Despised Icon
Beast
Nuclear Blast Records
Release Date: 22 July 2016
Review by Steve Jenkins
From the early 2000’s right up until 2010, Montreal-based deathcore monsters, Despised Icon, created some of the most extreme music to fall upon people’s ears. They took the genre of deathcore and added their own style of ferocious blast beats, guttural vocals featuring pig squeals and hardcore style chants, devastatingly HEAVY breakdowns and crushing heaviness. Nobody else could come close and they quickly become the Kings of deathcore, amongst the likes of Whitechapel, Suicide Silence, Carnifex and more.
Then in 2010, Despised Icon announced that they were disbanding so that members of the band could begin new chapters in their lives. Vocalist, Alex Erian forming his own band Obey The Brave, which took right off with two studio albums and world tours aplenty.
In 2014, the band announced that they would reunite to perform several shows across North America and Europe, which would eventually lead to the band signing to Nuclear Blast and their fifth studio album, titled Beast.
Now in 2016, their batteries are fully charged and they’re ready to take on the world with their brute force style of hardcore, mixed with signatures of technical death metal.

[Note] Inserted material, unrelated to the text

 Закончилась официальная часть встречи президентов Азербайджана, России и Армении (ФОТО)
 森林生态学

Beast is ten tracks of undeniable brutality that is made to crush you from start to finish. A quality that Despised Icon possess unlike some bands in the genre, is the ability to make the music their own. Distinctly, all it takes is one gang-shout, one bree-bree, one riff, or one grind-blast beat to let the listener know who’s currently pounding away at their ear drums.

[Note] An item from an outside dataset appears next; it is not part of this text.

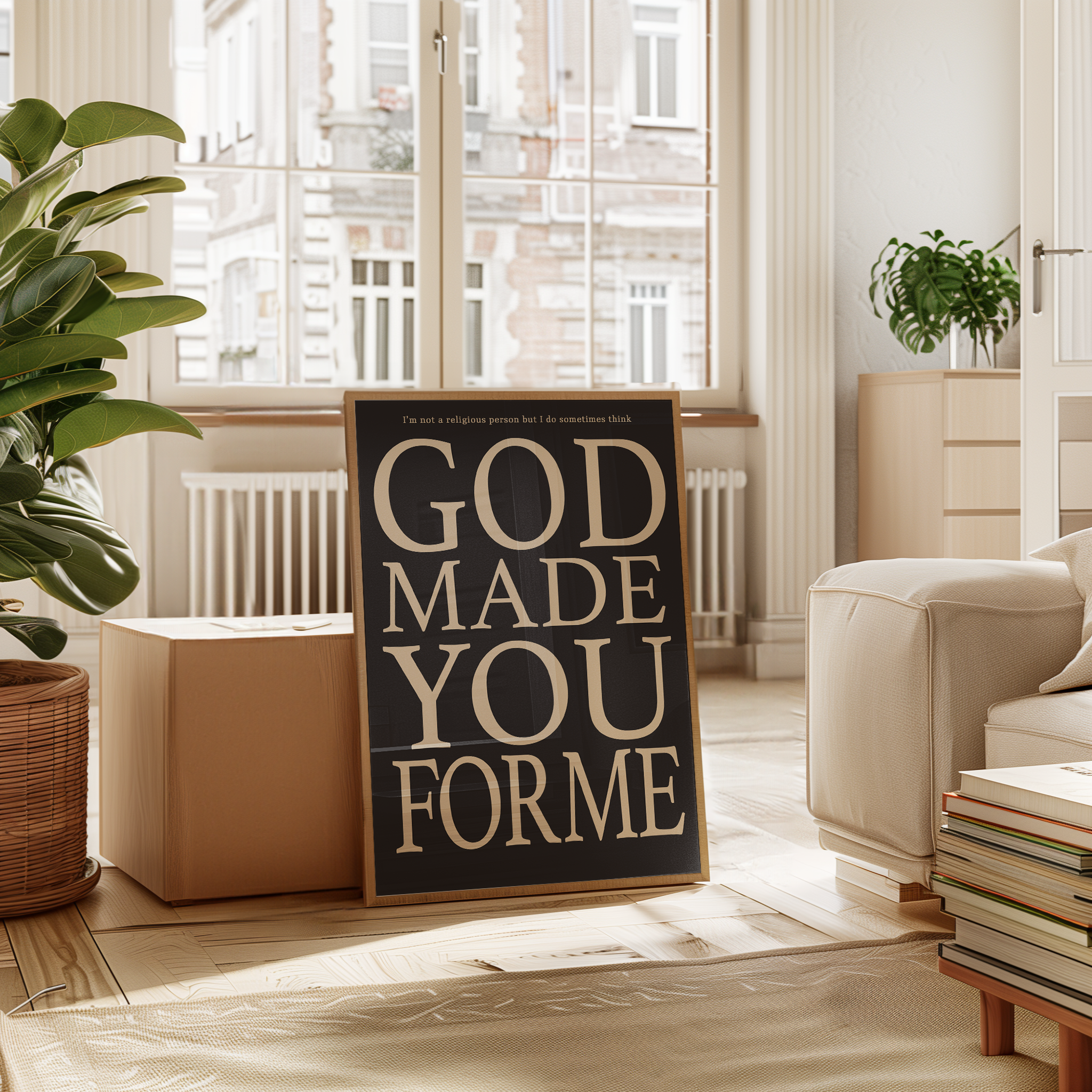 God Made You For Me Digital Download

Beast is well crafted album that doesn’t let up and takes all the facets crucial to their sound to the extreme. Starting with The Aftermath, it’s a clear indication that they haven’t slowed down one bit. Standout tracks such as Drapeau Noir and Grind Forever showcase their technical ability with precise execution, exploding and cutting guitars accompanied by a dedicated rhythm section. The vocals of Alex and Steve combined is raw as ever and provided that wonderful contrast of hardcore and death metal when utilised as well as they do.

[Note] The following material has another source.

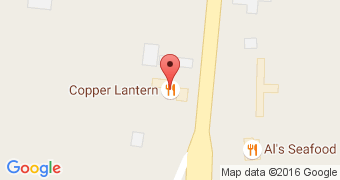 Copper Lantern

When one looks back at the catalogue of this band, there is an obvious progression in every aspect. Whether it’s guitar work, drumming, vocals, songwriting and production. The band does not re-invent their sound, nor re-invent the wheel. They evolve. This album is a well-oiled, cold, calculating machine mixed with a brutal, unrelenting predator. It will crush you, and you will enjoy it.